Saturday, 3 July 2010

Rain Old Friend- welcome back, where have you been?

There has been excitement for the weather forecasters lately, bad weather on the way. Good. This has apparently been the most dry (or perhaps the most hot?) year since 1918.
I know its probably not a particularly popular opinion for most people, but I'm really happy to see Mr Rain coming to visit for a few days. We've had just about all sun (hot type) for a long time now and I have been missing Mr Rain as has the land.  He generally hangs about round here quite a lot, I remember one February (99 I think it was), when Mr Rain came and stayed for a whole month.
 Rain- so much more than just a way of making Rainbows.
We were working is smallish Sitka at the time and got soaked every day- everything, everywhere was wet , all the time, but when you work outdoors in Scotland, its not uncommon to have "precipitation anticipation" or be expecting some rain in other words. You soon get to know it of course and I've sometimes thought that I could match the Innuit's 80 whatever words for snow* with easily as many types of rain. If you were then to describe the accompanying weather pattern you would be into the hundreds. For example in Autumn in Scotlands most East- West aligned glen, we often have this pattern of really hot sunshine followed immediately by hard wet rain, they come in bands, one after another and can last for seconds a few minutes or ages, a bit like when you are out in the Islands and can see Mr Rain's little helpers scurrying about on the horizon with their little black sacks full of water to dump on wherever takes their fancy.

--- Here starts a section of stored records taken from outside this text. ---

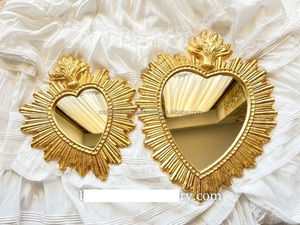 Metal Sacred Milagros Espejo Corazón Sagrado Corazón Marco Vintage Decoración para colgar en la pared - Product Image 5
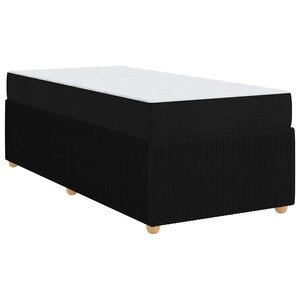 vidaXL Cadre de lit avec matelas Noir 90 x 200 cm tissu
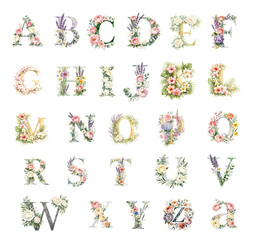 Naklejka premium alphabet of flowers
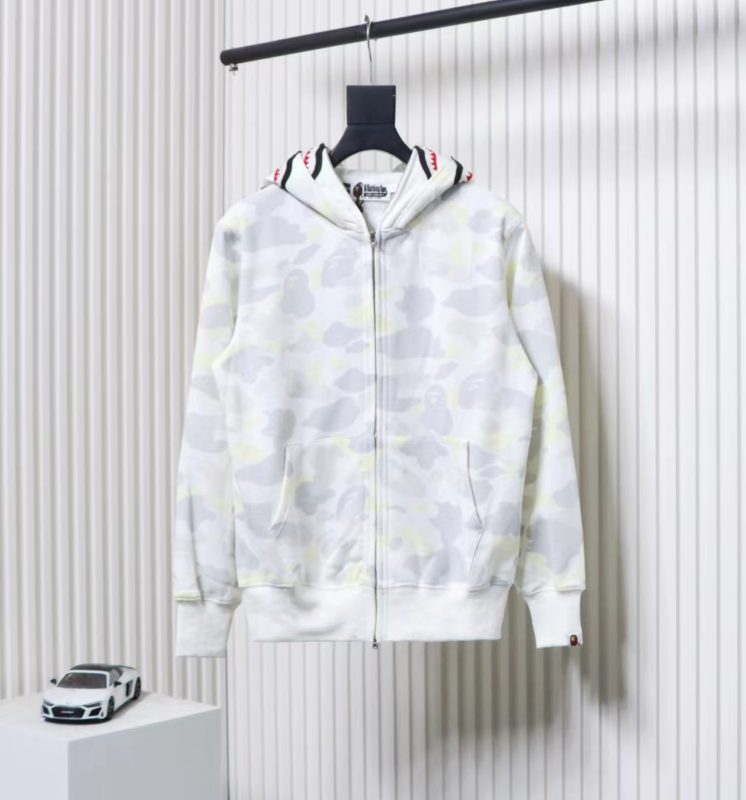 BAPE Camouflage Double Hat Hoodie White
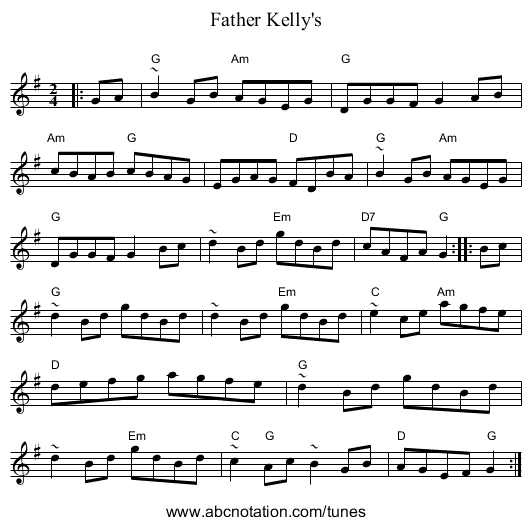 Father Kelly's - staff notation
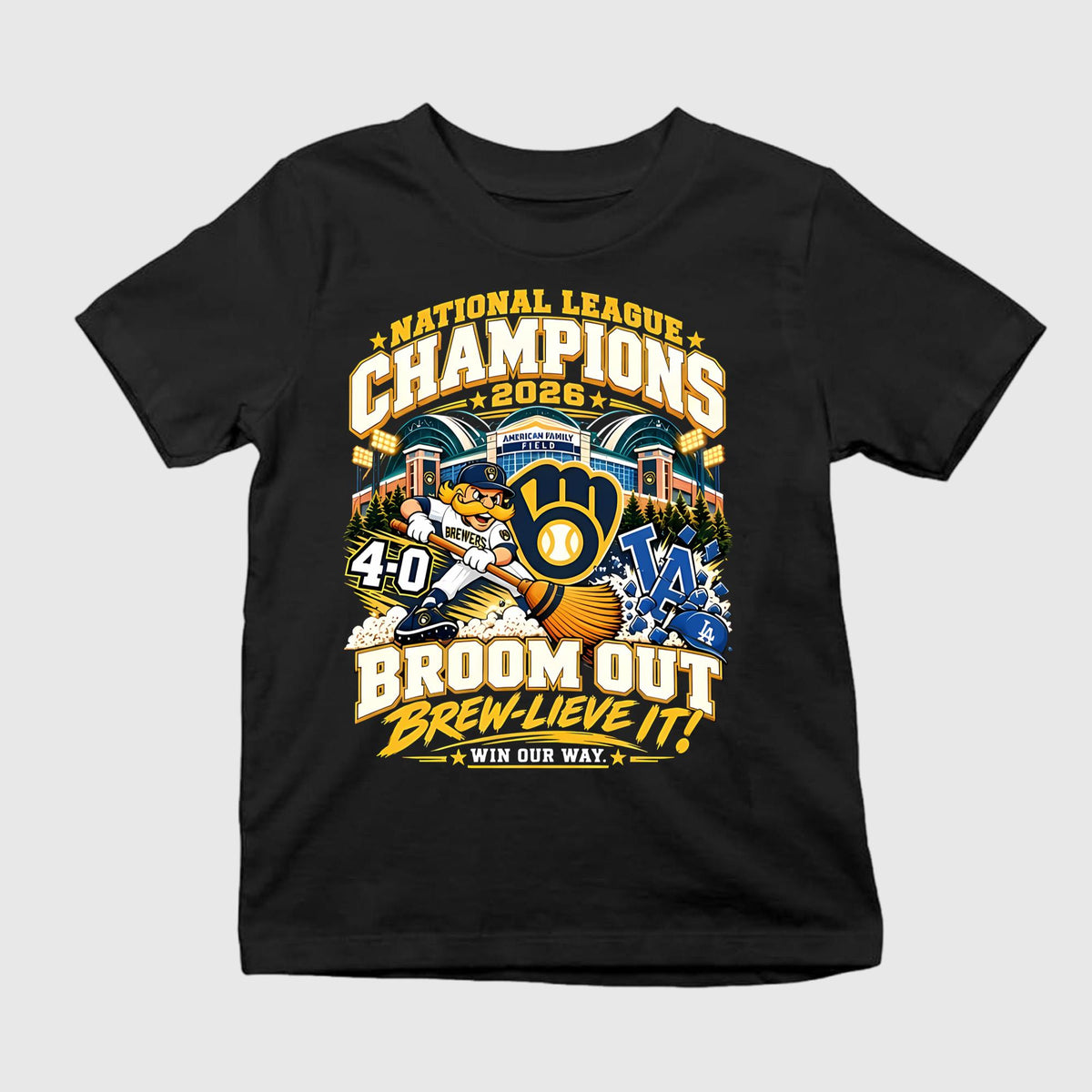 2026 Brewers NLCS Champions Broom Out Win Our Way Shirt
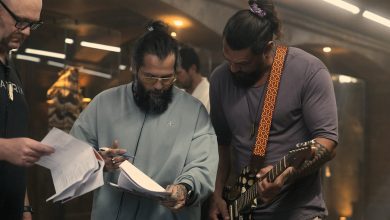 Director Ángel Manuel Soto and Jason Momoa on The Wrecking Crew set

These Autumnal bands are nuts to work in, Its cold when it rains and the waters pouring off you, Then Lugh the Sun God jumps in and suddenly you are Roasty McToasty and steam is pouring off you. It is for me, weather like that that always puts me off the idea off moving to a hot country, You know (perhaps you don't, maybe its just me?) how it is, you go somewhere abroad. Really hot, "nice" Mediterranean type weather, your'e on holiday, everything's lovely, food, people, culture etc. At some point you idly wonder about moving there, wouldn't it be nice, ooh yes wouldn't it. Then by week 2 reverse cabin fever starts a little chant in your head " The weathers a bit boring isn't it?" "A bit of rain would sort out all this dust" "Its too hot to....do anything", " The weathers a bit boring isn't it?" and the answer is yes their continental weather patterns are pretty boring compared to our maritime climate.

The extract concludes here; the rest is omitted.